Watch the video here.

Over the weekend, The Bellingham Herald and the Skagit Valley Herald (subscription required) ran stories about it as well.

The Bellingham Herald:

Six elk pressed themselves into a tight huddle, stamping and shuffling in the muddy pen as they tried to keep away from the men with the crackling blue tarps.

Friday marked the second time in two years wildlife officials have trapped, collared and moved elk out of the Acme area of the South Fork Valley, where as many as 85 elk have been trampling fences and munching farmers’ crops. The animals Friday were taken to a mountain area near Darrington, off Highway 20.


Skagit Valley Herald:

About 40 elk grazed in a farmer’s field Friday morning near Acme in Whatcom County, and by noon six of them were in a trailer headed south to a new home. Lured by apples, the elk were trapped, outfitted with radio transmitter collars and relocated to the Sauk Prairie area west of Darrington to augment the elk population there.

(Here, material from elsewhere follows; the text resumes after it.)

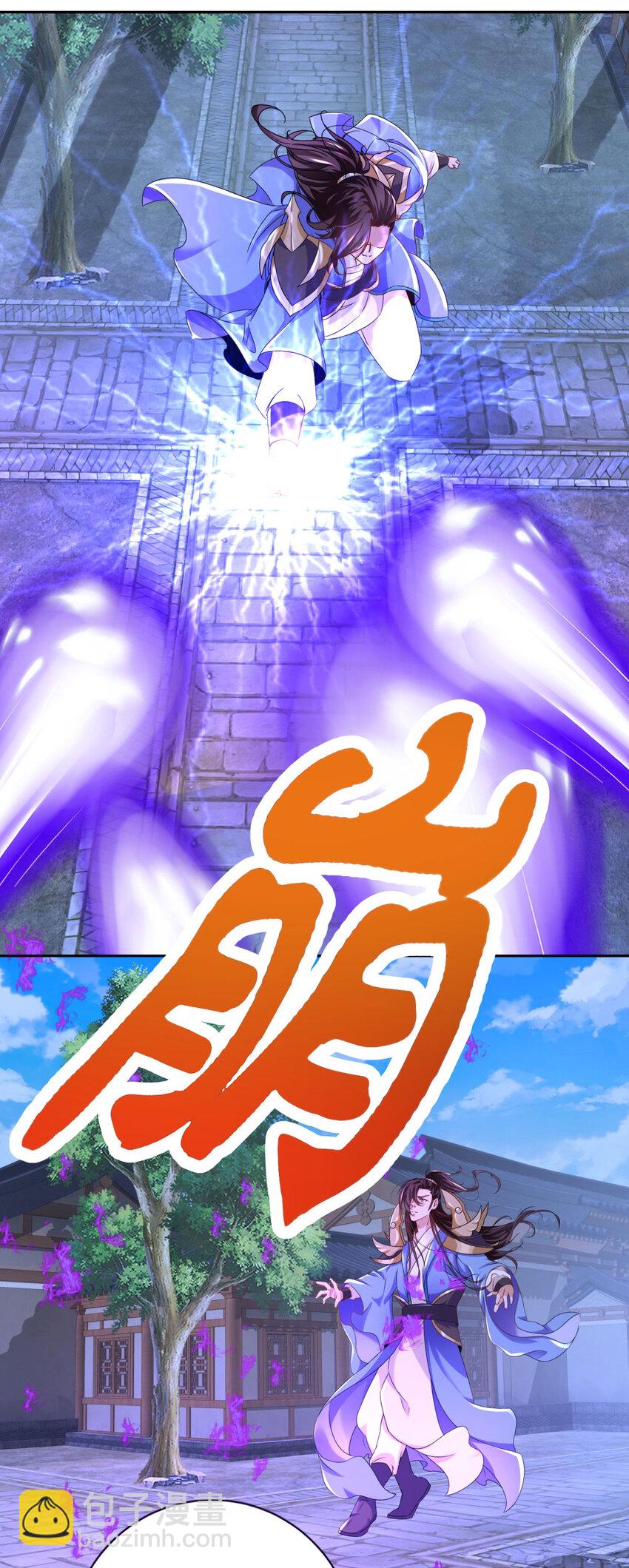 第358话 傲世印-第359话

“The whole purpose is to minimize damages to these areas without actually killing (the elk),” said Scott Schuyler, a policy representative for the Upper Skagit Tribe.

Elk are notorious for wrecking fences and eating silage crops, he said.

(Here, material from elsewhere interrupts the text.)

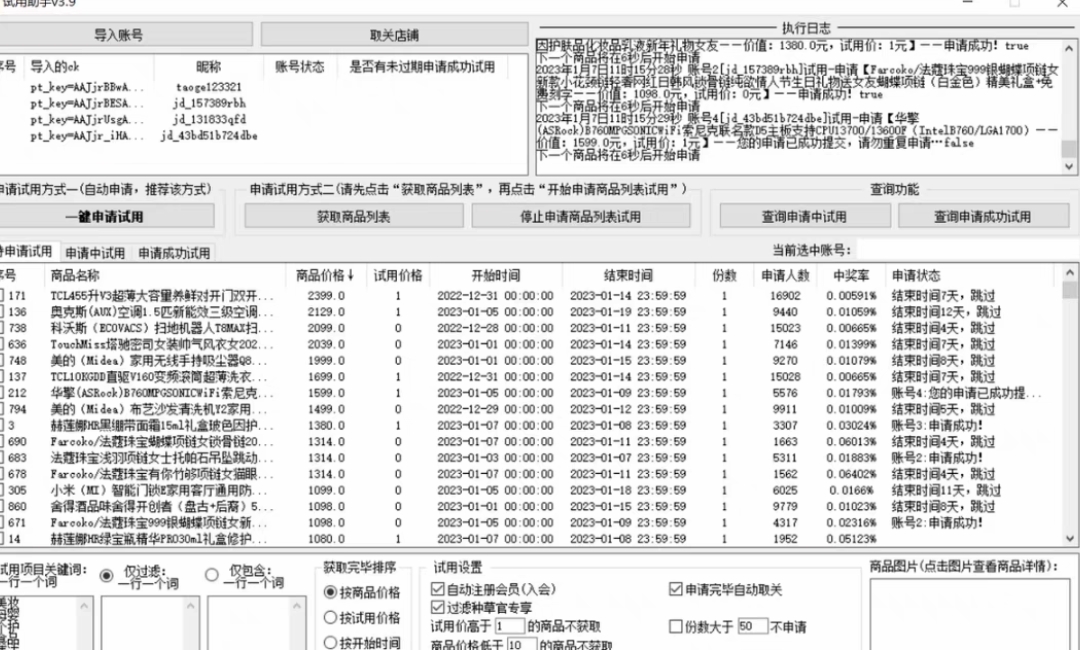 图片[2]-（4839期）外面收费688最新版京东试用申请软件，一键免费申请商品试用【永久版脚本】-副业城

Schuyler explained that the tribe, collaborating with the state Department of Fish and Wildlife, wanted to get the resident herd near Acme, where the animals were trapped, down to about 30.

“The whole idea behind this is prevention, because we end up paying a whole lot in damage claims,” said Russ Mullins of the state Department of Fish and Wildlife.

The elk are part of the Nooksack elk herd, which numbers about 500.

Many tribes and the Fish and Wildlife Department work together on planning and implementing the relocation program.

The Upper Skagit Tribe led the actual trapping, which took several months of monitoring and four bins of apples before it finally came to fruition Friday.

When the six elk finally settled in the corral, the trap was triggered and tarps dropped. Then several men herded the elk into a chute, taking care not to get charged by the agitated animals.

Once each elk was successfully in the chute, the team fastened collars around their necks so that wildlife managers can monitor them. Then the elk were herded into a trailer that released them near a lake in a rural area west of Darrington.